Exercise details: The response should consist of the records that follow, repeated exactly.

Supplied material:
────────────────────
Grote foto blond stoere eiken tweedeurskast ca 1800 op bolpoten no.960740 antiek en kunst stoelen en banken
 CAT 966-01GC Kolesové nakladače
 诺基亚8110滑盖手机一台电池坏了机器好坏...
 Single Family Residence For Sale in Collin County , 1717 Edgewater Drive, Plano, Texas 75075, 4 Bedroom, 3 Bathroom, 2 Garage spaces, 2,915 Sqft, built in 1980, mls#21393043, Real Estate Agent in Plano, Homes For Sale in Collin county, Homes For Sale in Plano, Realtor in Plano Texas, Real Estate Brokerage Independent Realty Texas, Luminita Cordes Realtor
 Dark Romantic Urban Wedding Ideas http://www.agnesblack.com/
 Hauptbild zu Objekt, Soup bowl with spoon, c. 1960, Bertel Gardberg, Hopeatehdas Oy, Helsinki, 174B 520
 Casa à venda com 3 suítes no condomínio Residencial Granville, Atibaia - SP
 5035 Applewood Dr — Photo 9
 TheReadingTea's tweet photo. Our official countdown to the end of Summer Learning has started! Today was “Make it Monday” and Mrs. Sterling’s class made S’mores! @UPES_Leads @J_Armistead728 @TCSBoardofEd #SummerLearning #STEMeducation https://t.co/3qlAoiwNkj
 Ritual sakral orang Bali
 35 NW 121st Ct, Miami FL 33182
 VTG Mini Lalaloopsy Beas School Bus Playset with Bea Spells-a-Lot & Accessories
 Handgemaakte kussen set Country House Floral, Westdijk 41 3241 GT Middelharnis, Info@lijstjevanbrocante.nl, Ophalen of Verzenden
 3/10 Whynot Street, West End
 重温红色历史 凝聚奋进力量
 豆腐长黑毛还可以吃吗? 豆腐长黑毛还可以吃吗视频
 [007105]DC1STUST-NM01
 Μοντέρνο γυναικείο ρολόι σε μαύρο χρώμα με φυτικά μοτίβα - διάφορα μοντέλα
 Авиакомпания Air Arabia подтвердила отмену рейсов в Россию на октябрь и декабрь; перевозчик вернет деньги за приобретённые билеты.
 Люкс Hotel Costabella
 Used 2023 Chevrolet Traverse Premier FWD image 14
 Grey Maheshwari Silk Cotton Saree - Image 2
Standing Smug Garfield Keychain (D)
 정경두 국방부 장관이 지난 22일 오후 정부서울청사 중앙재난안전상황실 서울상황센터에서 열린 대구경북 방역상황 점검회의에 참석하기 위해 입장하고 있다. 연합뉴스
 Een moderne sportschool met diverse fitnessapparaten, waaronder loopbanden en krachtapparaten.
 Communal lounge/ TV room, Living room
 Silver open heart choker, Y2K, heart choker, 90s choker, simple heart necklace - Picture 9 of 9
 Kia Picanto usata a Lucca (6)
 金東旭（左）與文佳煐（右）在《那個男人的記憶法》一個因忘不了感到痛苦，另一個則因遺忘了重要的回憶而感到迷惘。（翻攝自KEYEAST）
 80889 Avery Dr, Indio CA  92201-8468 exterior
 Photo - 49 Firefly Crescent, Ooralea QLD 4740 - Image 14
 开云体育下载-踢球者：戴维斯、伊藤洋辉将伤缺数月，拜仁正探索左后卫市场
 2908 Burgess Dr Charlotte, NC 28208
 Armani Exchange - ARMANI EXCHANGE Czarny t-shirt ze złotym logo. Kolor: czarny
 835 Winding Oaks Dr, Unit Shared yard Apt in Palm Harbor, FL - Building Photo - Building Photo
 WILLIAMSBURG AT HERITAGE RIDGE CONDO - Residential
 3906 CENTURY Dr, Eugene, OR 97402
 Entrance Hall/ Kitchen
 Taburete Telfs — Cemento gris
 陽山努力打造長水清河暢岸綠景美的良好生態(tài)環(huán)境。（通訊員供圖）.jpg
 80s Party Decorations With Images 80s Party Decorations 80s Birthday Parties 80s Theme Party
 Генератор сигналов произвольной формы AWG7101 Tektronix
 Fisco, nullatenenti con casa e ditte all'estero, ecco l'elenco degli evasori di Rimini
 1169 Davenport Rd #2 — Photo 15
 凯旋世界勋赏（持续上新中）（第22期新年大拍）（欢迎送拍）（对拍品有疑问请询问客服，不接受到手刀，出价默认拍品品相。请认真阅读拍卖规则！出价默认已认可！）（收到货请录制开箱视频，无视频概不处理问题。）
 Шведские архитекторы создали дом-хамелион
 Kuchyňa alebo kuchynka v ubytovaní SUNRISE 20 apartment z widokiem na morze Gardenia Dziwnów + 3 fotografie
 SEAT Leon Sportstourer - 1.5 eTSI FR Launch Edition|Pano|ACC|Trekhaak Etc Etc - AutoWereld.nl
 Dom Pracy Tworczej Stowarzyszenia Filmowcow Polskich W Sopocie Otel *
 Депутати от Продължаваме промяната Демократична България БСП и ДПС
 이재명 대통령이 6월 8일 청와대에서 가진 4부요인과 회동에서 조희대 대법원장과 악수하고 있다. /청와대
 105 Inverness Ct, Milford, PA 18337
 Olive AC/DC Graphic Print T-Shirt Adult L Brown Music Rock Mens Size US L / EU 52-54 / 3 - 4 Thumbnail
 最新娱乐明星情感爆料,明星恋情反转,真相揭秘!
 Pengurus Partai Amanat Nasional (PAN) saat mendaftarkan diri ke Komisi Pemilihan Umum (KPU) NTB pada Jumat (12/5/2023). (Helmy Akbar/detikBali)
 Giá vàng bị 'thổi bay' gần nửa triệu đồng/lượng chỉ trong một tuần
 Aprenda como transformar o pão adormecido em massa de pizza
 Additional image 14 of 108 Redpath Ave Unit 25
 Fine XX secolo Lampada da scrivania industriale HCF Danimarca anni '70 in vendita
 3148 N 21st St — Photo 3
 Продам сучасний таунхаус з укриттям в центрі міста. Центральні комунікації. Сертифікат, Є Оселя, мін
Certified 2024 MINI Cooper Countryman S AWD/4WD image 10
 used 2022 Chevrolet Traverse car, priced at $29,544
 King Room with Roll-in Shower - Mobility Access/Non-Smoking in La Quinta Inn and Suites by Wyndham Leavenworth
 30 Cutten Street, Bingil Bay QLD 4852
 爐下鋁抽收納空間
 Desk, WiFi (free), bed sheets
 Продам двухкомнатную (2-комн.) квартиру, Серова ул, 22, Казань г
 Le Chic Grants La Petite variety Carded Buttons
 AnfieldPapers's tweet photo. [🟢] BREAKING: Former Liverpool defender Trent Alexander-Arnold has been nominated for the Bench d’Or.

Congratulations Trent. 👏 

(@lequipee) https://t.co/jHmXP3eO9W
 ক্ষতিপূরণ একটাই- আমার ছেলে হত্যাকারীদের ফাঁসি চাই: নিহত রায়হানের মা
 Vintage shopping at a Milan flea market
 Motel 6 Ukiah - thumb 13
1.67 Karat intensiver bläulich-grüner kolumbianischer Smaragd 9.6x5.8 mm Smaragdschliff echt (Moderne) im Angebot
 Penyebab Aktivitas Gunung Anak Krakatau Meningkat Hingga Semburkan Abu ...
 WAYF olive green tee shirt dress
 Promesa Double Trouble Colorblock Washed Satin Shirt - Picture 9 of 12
────────────────────
Task output:
Grote foto blond stoere eiken tweedeurskast ca 1800 op bolpoten no.960740 antiek en kunst stoelen en banken
 CAT 966-01GC Kolesové nakladače
 诺基亚8110滑盖手机一台电池坏了机器好坏...
 Single Family Residence For Sale in Collin County , 1717 Edgewater Drive, Plano, Texas 75075, 4 Bedroom, 3 Bathroom, 2 Garage spaces, 2,915 Sqft, built in 1980, mls#21393043, Real Estate Agent in Plano, Homes For Sale in Collin county, Homes For Sale in Plano, Realtor in Plano Texas, Real Estate Brokerage Independent Realty Texas, Luminita Cordes Realtor
 Dark Romantic Urban Wedding Ideas http://www.agnesblack.com/
 Hauptbild zu Objekt, Soup bowl with spoon, c. 1960, Bertel Gardberg, Hopeatehdas Oy, Helsinki, 174B 520
 Casa à venda com 3 suítes no condomínio Residencial Granville, Atibaia - SP
 5035 Applewood Dr — Photo 9
 TheReadingTea's tweet photo. Our official countdown to the end of Summer Learning has started! Today was “Make it Monday” and Mrs. Sterling’s class made S’mores! @UPES_Leads @J_Armistead728 @TCSBoardofEd #SummerLearning #STEMeducation https://t.co/3qlAoiwNkj
 Ritual sakral orang Bali
 35 NW 121st Ct, Miami FL 33182
 VTG Mini Lalaloopsy Beas School Bus Playset with Bea Spells-a-Lot & Accessories
 Handgemaakte kussen set Country House Floral, Westdijk 41 3241 GT Middelharnis, Info@lijstjevanbrocante.nl, Ophalen of Verzenden
 3/10 Whynot Street, West End
 重温红色历史 凝聚奋进力量
 豆腐长黑毛还可以吃吗? 豆腐长黑毛还可以吃吗视频
 [007105]DC1STUST-NM01
 Μοντέρνο γυναικείο ρολόι σε μαύρο χρώμα με φυτικά μοτίβα - διάφορα μοντέλα
 Авиакомпания Air Arabia подтвердила отмену рейсов в Россию на октябрь и декабрь; перевозчик вернет деньги за приобретённые билеты.
 Люкс Hotel Costabella
 Used 2023 Chevrolet Traverse Premier FWD image 14
 Grey Maheshwari Silk Cotton Saree - Image 2
Standing Smug Garfield Keychain (D)
 정경두 국방부 장관이 지난 22일 오후 정부서울청사 중앙재난안전상황실 서울상황센터에서 열린 대구경북 방역상황 점검회의에 참석하기 위해 입장하고 있다. 연합뉴스
 Een moderne sportschool met diverse fitnessapparaten, waaronder loopbanden en krachtapparaten.
 Communal lounge/ TV room, Living room
 Silver open heart choker, Y2K, heart choker, 90s choker, simple heart necklace - Picture 9 of 9
 Kia Picanto usata a Lucca (6)
 金東旭（左）與文佳煐（右）在《那個男人的記憶法》一個因忘不了感到痛苦，另一個則因遺忘了重要的回憶而感到迷惘。（翻攝自KEYEAST）
 80889 Avery Dr, Indio CA  92201-8468 exterior
 Photo - 49 Firefly Crescent, Ooralea QLD 4740 - Image 14
 开云体育下载-踢球者：戴维斯、伊藤洋辉将伤缺数月，拜仁正探索左后卫市场
 2908 Burgess Dr Charlotte, NC 28208
 Armani Exchange - ARMANI EXCHANGE Czarny t-shirt ze złotym logo. Kolor: czarny
 835 Winding Oaks Dr, Unit Shared yard Apt in Palm Harbor, FL - Building Photo - Building Photo
 WILLIAMSBURG AT HERITAGE RIDGE CONDO - Residential
 3906 CENTURY Dr, Eugene, OR 97402
 Entrance Hall/ Kitchen
 Taburete Telfs — Cemento gris
 陽山努力打造長水清河暢岸綠景美的良好生態(tài)環(huán)境。（通訊員供圖）.jpg
 80s Party Decorations With Images 80s Party Decorations 80s Birthday Parties 80s Theme Party
 Генератор сигналов произвольной формы AWG7101 Tektronix
 Fisco, nullatenenti con casa e ditte all'estero, ecco l'elenco degli evasori di Rimini
 1169 Davenport Rd #2 — Photo 15
 凯旋世界勋赏（持续上新中）（第22期新年大拍）（欢迎送拍）（对拍品有疑问请询问客服，不接受到手刀，出价默认拍品品相。请认真阅读拍卖规则！出价默认已认可！）（收到货请录制开箱视频，无视频概不处理问题。）
 Шведские архитекторы создали дом-хамелион
 Kuchyňa alebo kuchynka v ubytovaní SUNRISE 20 apartment z widokiem na morze Gardenia Dziwnów + 3 fotografie
 SEAT Leon Sportstourer - 1.5 eTSI FR Launch Edition|Pano|ACC|Trekhaak Etc Etc - AutoWereld.nl
 Dom Pracy Tworczej Stowarzyszenia Filmowcow Polskich W Sopocie Otel *
 Депутати от Продължаваме промяната Демократична България БСП и ДПС
 이재명 대통령이 6월 8일 청와대에서 가진 4부요인과 회동에서 조희대 대법원장과 악수하고 있다. /청와대
 105 Inverness Ct, Milford, PA 18337
 Olive AC/DC Graphic Print T-Shirt Adult L Brown Music Rock Mens Size US L / EU 52-54 / 3 - 4 Thumbnail
 最新娱乐明星情感爆料,明星恋情反转,真相揭秘!
 Pengurus Partai Amanat Nasional (PAN) saat mendaftarkan diri ke Komisi Pemilihan Umum (KPU) NTB pada Jumat (12/5/2023). (Helmy Akbar/detikBali)
 Giá vàng bị 'thổi bay' gần nửa triệu đồng/lượng chỉ trong một tuần
 Aprenda como transformar o pão adormecido em massa de pizza
 Additional image 14 of 108 Redpath Ave Unit 25
 Fine XX secolo Lampada da scrivania industriale HCF Danimarca anni '70 in vendita
 3148 N 21st St — Photo 3
 Продам сучасний таунхаус з укриттям в центрі міста. Центральні комунікації. Сертифікат, Є Оселя, мін
Certified 2024 MINI Cooper Countryman S AWD/4WD image 10
 used 2022 Chevrolet Traverse car, priced at $29,544
 King Room with Roll-in Shower - Mobility Access/Non-Smoking in La Quinta Inn and Suites by Wyndham Leavenworth
 30 Cutten Street, Bingil Bay QLD 4852
 爐下鋁抽收納空間
 Desk, WiFi (free), bed sheets
 Продам двухкомнатную (2-комн.) квартиру, Серова ул, 22, Казань г
 Le Chic Grants La Petite variety Carded Buttons
 AnfieldPapers's tweet photo. [🟢] BREAKING: Former Liverpool defender Trent Alexander-Arnold has been nominated for the Bench d’Or.

Congratulations Trent. 👏 

(@lequipee) https://t.co/jHmXP3eO9W
 ক্ষতিপূরণ একটাই- আমার ছেলে হত্যাকারীদের ফাঁসি চাই: নিহত রায়হানের মা
 Vintage shopping at a Milan flea market
 Motel 6 Ukiah - thumb 13
1.67 Karat intensiver bläulich-grüner kolumbianischer Smaragd 9.6x5.8 mm Smaragdschliff echt (Moderne) im Angebot
 Penyebab Aktivitas Gunung Anak Krakatau Meningkat Hingga Semburkan Abu ...
 WAYF olive green tee shirt dress
 Promesa Double Trouble Colorblock Washed Satin Shirt - Picture 9 of 12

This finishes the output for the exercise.